We visualized pollen grains at 400 × magnification under a Nikon Eclipse E800 compound microscope. We categorized the first 100 grains of pollen observed along a perpendicular transect of the slide into 13 morpho types; pollen in the family Ericaceae, including Vaccinium spp. represented one of these 13 pollen morpho types. Pollen morpho types were photographed and used for reference so that morphotype identification remained consistent across all slides.

Bee body size

The distance between the wing bases of a bee, i.e., intertegular distance (ITD), is allometrically related to overall body size and has been used as a proxy for body size in numerous studies (Williams et al. 2010; Greenleaf et al. 2007; Grab et al. 2019). We took one measurement of the ITD of each female H. laboriosa after removing any thoracic hair obstructing the view of the tegula and using a Swift MCX3 stereo microscope and Moticam photo-measuring software. For each measurement, specimens were placed in a dish of small glass beads so the specimen could be easily adjusted such that both tegula were on the same plain and precisely in focus under the microscope. The microscope calibration and stage height as well as the dish and volume of glass beads were held constant across all measurements.
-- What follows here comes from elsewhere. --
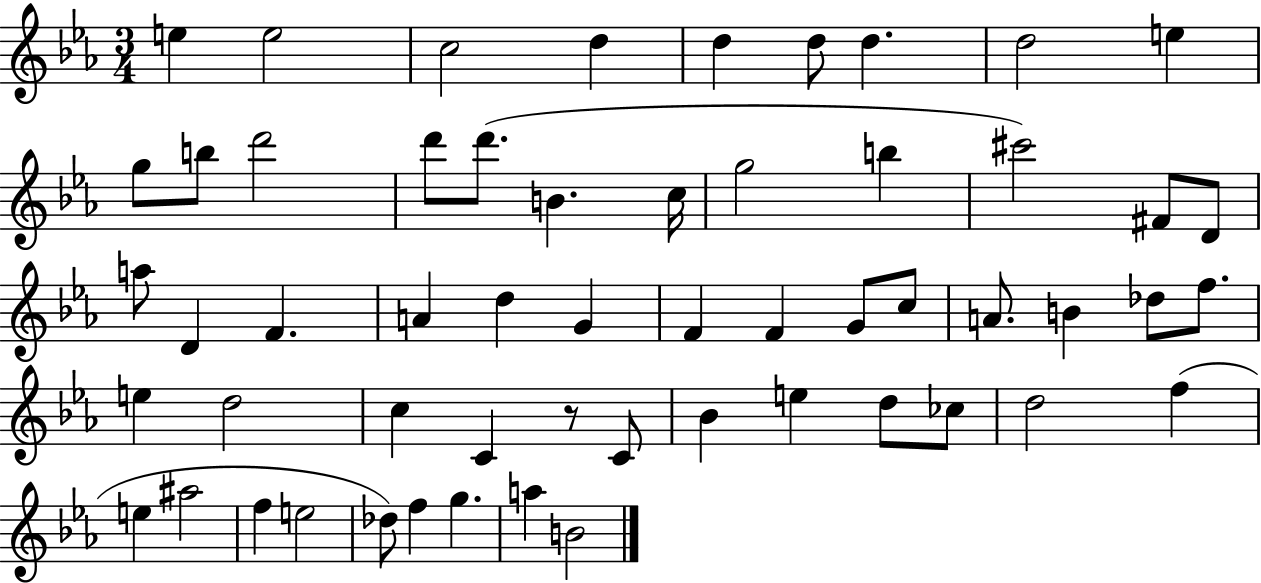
E5/q E5/h C5/h D5/q D5/q D5/e D5/q. D5/h E5/q G5/e B5/e D6/h D6/e D6/e. B4/q. C5/s G5/h B5/q C#6/h F#4/e D4/e A5/e D4/q F4/q. A4/q D5/q G4/q F4/q F4/q G4/e C5/e A4/e. B4/q Db5/e F5/e. E5/q D5/h C5/q C4/q R/e C4/e Bb4/q E5/q D5/e CES5/e D5/h F5/q E5/q A#5/h F5/q E5/h Db5/e F5/q G5/q. A5/q B4/h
Land cover quantification across sites

As described above, sites were selected to represent three broad habitat categories: agricultural, natural, and urban. For each of the sites included in the study, we also assessed the proportion of blueberry, other cropland, forest, and urban development within a 500 m radius surrounding each site using the 2020 CropScape land cover data provided for USGS (Han et al. 2014) and QGIS software (Quantum GIS Development Team). We used a 500 m radius of landcover data surrounding each site because solitary bee maximum foraging distance is reported to be between 150-600 m depending on body size, and H. laboriosa is a larger-bodied solitary bee (Gathmann and Tscharntke 2002). We specifically quantified four landcover categories to measure the proportion of potential focal habitat (including Vaccinium spp. and related Ericaceae plants) surrounding each site and including the site itself. The category blueberry included cultivated blueberry farms, including the selected study farms. The category other cropland included all fruit, vegetable, nut, seed, and row crops, but excluded pasture and fallow fields. This category thus includes mixed farms that may have cultivated blueberry present but not represented in the landcover map. The category forest included the studied forest sites and the sum of evergreen forest, mixed forest, and shrubland surrounding the site at 500 m (habitats likely containing wild Vaccinium spp.). Finally, the category urban development included the proportions of developed open space, low intensity urbanization, medium intensity urbanization, and high intensity urbanization and represented the urban development within and surrounding the site that may contain ornamental Ericaceae plants (Table S1.1).

Statistical analysis

Site selection

All analyses were completed in R Version 4.2.2. All sites sampled were included in the analyses, but to ensure empirically that the site selection method described above yielded sites with varying floral communities and surrounding landcover, we compared floral diversity, proportion of Ericaceae inflorescences, and landcover (i.e. cultivated blueberry, other cropland, forest, and urban development) in the 500 m radius surrounding sites across the three habitat categories (natural, urban, and agricultural) used in site selection. We calculated floral diversity within the 200 m2 focal area of each site using the Shannon Diversity Index and calculated the proportion of Ericaceae inflorescences as the total number of Ericaceae inflorescences counted within the 200 m2 focal area of each site divided by the total number of inflorescences counted in the focal area. We also compared H. laboriosa visitation rates across habitat types and calculated visitation rate as the number of H. laboriosa visits observed within the 200 m2 focal area per site per day.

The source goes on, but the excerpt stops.